As news broke on Tuesday afternoon that Gustavo Poyet would not be the man to replace Phil Parkinson in the dugout at the Stadium of Light, I have to admit I was hugely disappointed.
Poyet’s arrival at Sunderland in 2013 felt like the start of something new, with a clear identity and style of play that didn’t hark back to old-fashioned ideas of “get it in the mixer” or “Britishness” but instead embraced the high possession football that began in Spain, where Poyet started his European playing career, at the beginning of the last decade.
Of course Sunderland’s marriage with Poyet became an unhappy one, failure to secure vital loan players on permanent deals and the inability to replace those who left the club meant he was never able to repeat the heights reached in his first season at the club. At the end, his departure was inevitable, but he was the last manager to last a full season in the Premier League for Sunderland - apart from David Moyes, of course.
My longing for Poyet to return, something which I have felt ever since Sunderland first dropped out of the Premier League may be the rose-tinted longings of a Sunderland fan who remembers feeling so much pride at the team’s performance in the League Cup final that he wore a Sunderland top under his school shirt the following day, despite being surrounded by Newcastle fans.
However, this time it was about more than just nostalgia.

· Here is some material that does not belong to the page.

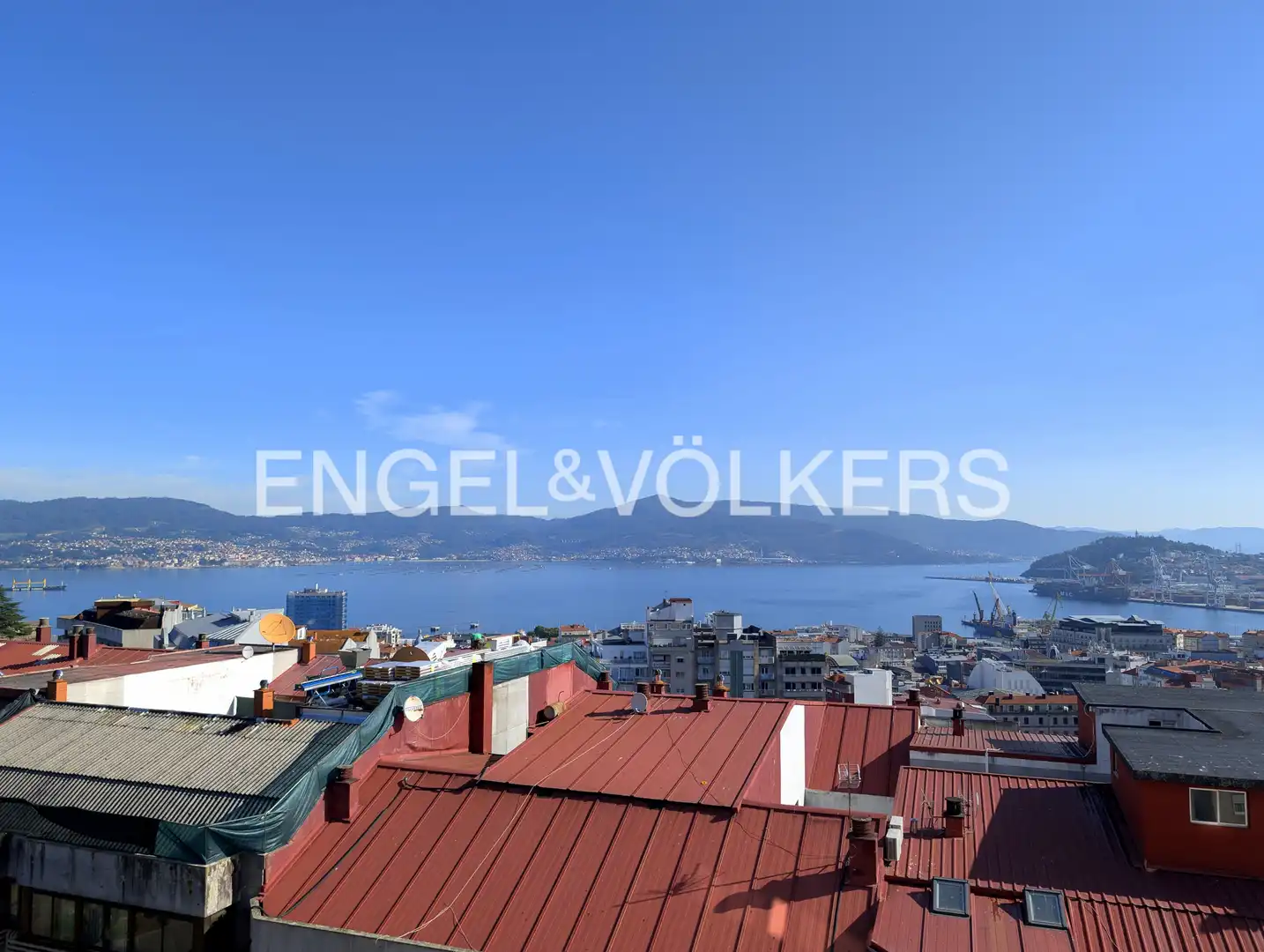 Terraza de Piso de alquiler en Vigo  con Calefacción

This time the very project that Gus Poyet represented in 2013 seemed the idea fit for a club, hopefully, about to embark on a new journey, with new owners and a new sporting director but this time from the bottom in League One. The very division in which Poyet started his managerial career.
With Gus Poyet now out of the running to be the next Sunderland manager, I have stopped thinking with my heart and the reality of what is needed has become more clear.

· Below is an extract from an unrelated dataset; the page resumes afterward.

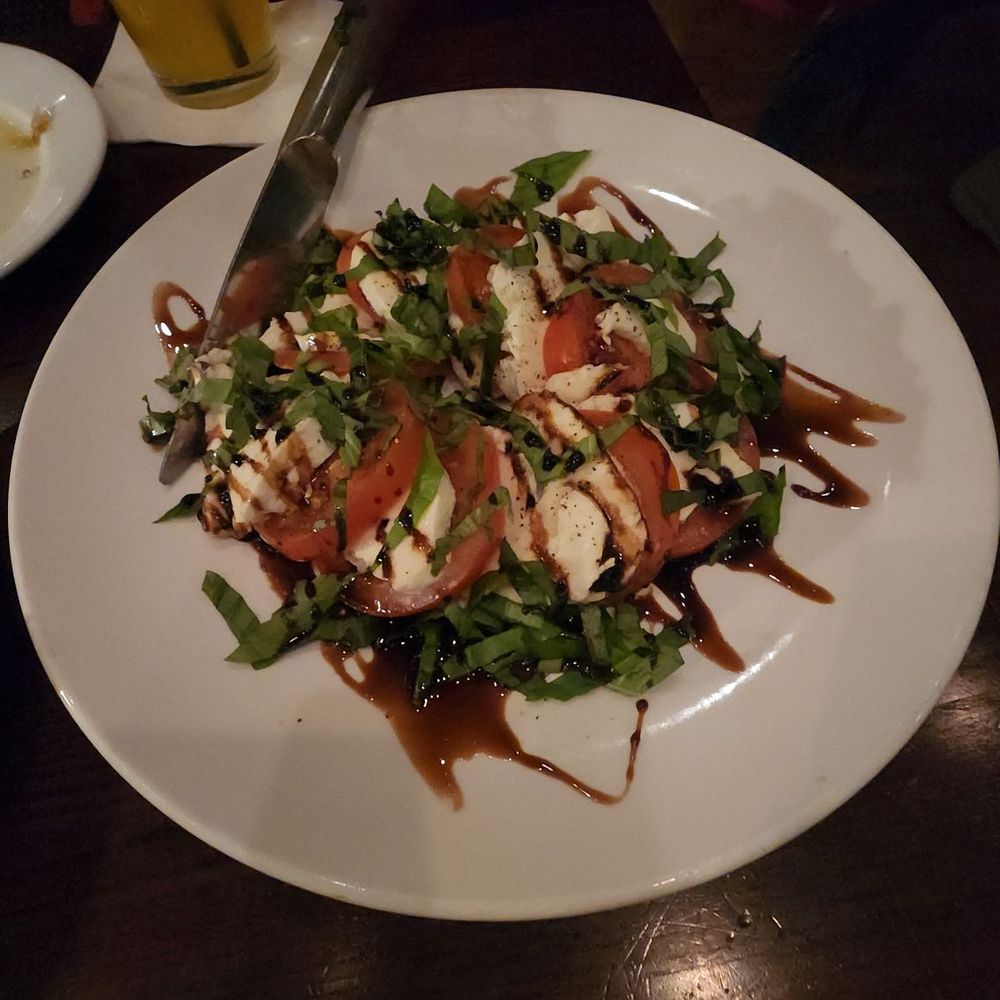 Calo Ristorante - Pizza Near Me - Chicago, Illinois Calo Ristorante - Pizza Near Me - Chicago, Illinois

Sunderland in League One are operating at the limit of the salary cap, meaning any new January signings must be either under 21 years of age, or replace players currently in the squad. Furthermore, twelve of Sunderland’s first team squad are out of contract and whilst many of those players only have part of their wages contributing to the salary cap, their replacements will not.

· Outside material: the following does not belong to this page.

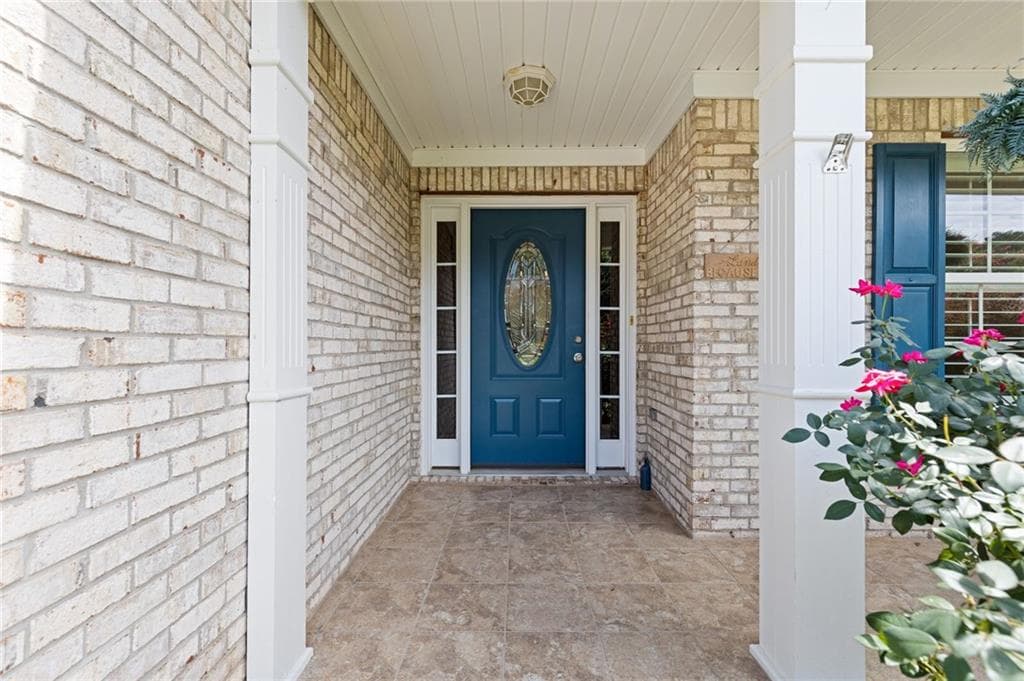 3 bedroom, 2 bathroom, 2,112 sq ft single family residence for sale at 112 Clubhouse Drive, Jefferson, GA 30549 — photo 4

For these reasons, Sunderland must prioritise promotion this season above everything else. And whoever is chosen to try and achieve this will be doing so without much room to manoeuvre in the January transfer window. This is why I think Sunderland should look for a short term appointment, a manager to be given an 18-month contract with the simple task of getting the club back into English football’s second tier.
Banished from my thoughts are delusions of Gus Poyet transforming George Dobson into a regista as he did Lee Cattermole back in 2014, and in their place have come manager’s such as Paul Cook, whose League One winning Wigan side included a 19 goal-a-season Will Grigg and Max Power.
If Paul Cook is not a man to get the pulse racing, and I certainly have been critical of those who called for him to replace Parkinson before Poyet’s return was ruled out, more progressive names such as Danny Cowley could serve this short term role just as well. Although the former Lincoln brother’s Danny and Nicky Cowley will likely be after a project for their next club, and many Sunderland fans will view them as such, the chance to rebuild a reputation dented but not tarnished from their sacking by Huddersfield by winning promotion with League One’s biggest club is something that would be difficult to turn down.
The Cowley’s in particular could be a good fit, for a club looking to balance the contradictions of a very “League One” squad put together by a very “League One” manager with a want for a more modern style of football.
Gus Poyet won’t be the next manager of Sunderland, but maybe it wasn’t the right time for his return after all.